* **What to work on**: An exact reproduction of the lines below, from the first through the one with "Property at 7113", is the whole answer; pictures have no place in it.

◆ ◆ ◆

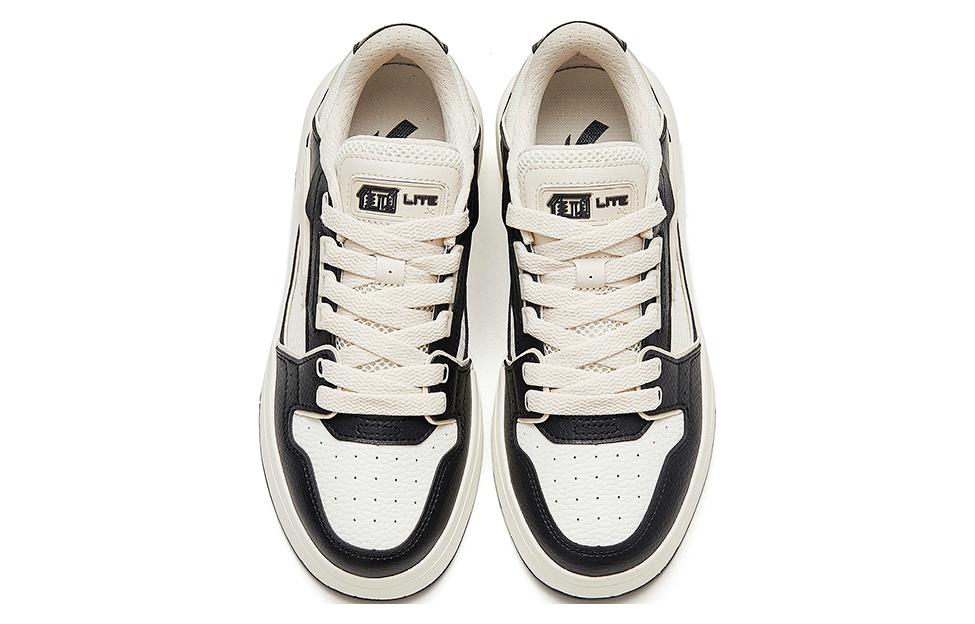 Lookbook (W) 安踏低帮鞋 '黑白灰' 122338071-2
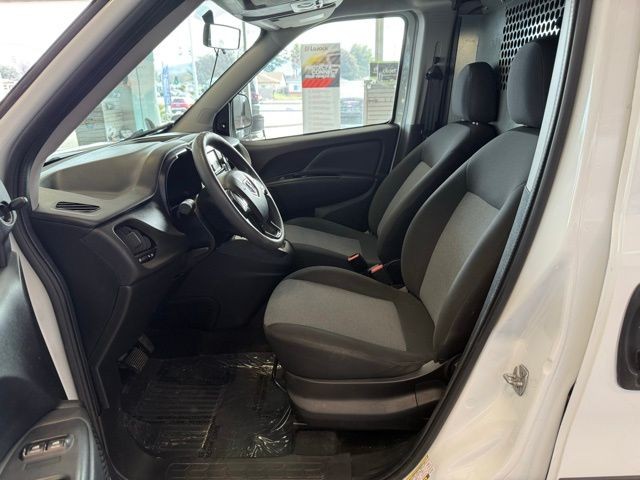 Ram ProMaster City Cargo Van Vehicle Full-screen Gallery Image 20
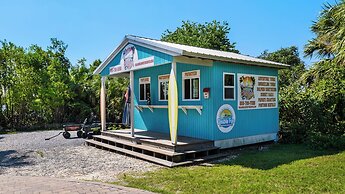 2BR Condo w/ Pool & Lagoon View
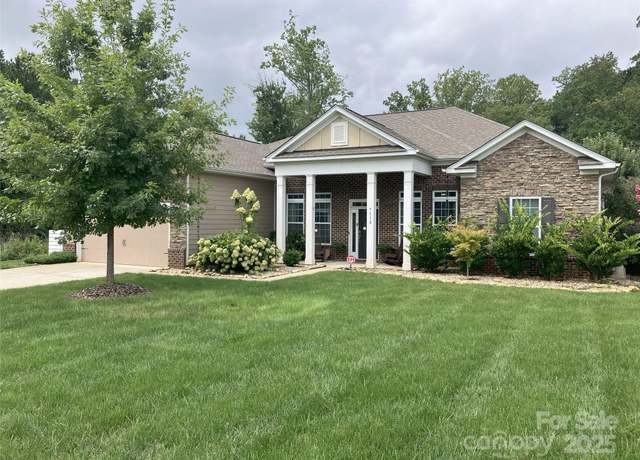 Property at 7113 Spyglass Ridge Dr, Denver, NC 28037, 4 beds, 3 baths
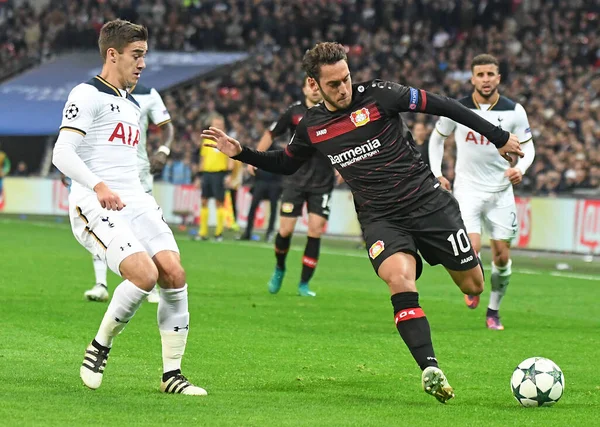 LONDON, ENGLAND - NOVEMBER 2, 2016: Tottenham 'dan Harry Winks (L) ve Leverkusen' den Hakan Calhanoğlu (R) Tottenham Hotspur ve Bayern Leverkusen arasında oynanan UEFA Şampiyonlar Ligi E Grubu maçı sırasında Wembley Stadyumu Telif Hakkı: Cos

◆ ◆ ◆

* **Exercise response**:
 Lookbook (W) 安踏低帮鞋 '黑白灰' 122338071-2
 Ram ProMaster City Cargo Van Vehicle Full-screen Gallery Image 20
 2BR Condo w/ Pool & Lagoon View
 Property at 7113 Spyglass Ridge Dr, Denver, NC 28037, 4 beds, 3 baths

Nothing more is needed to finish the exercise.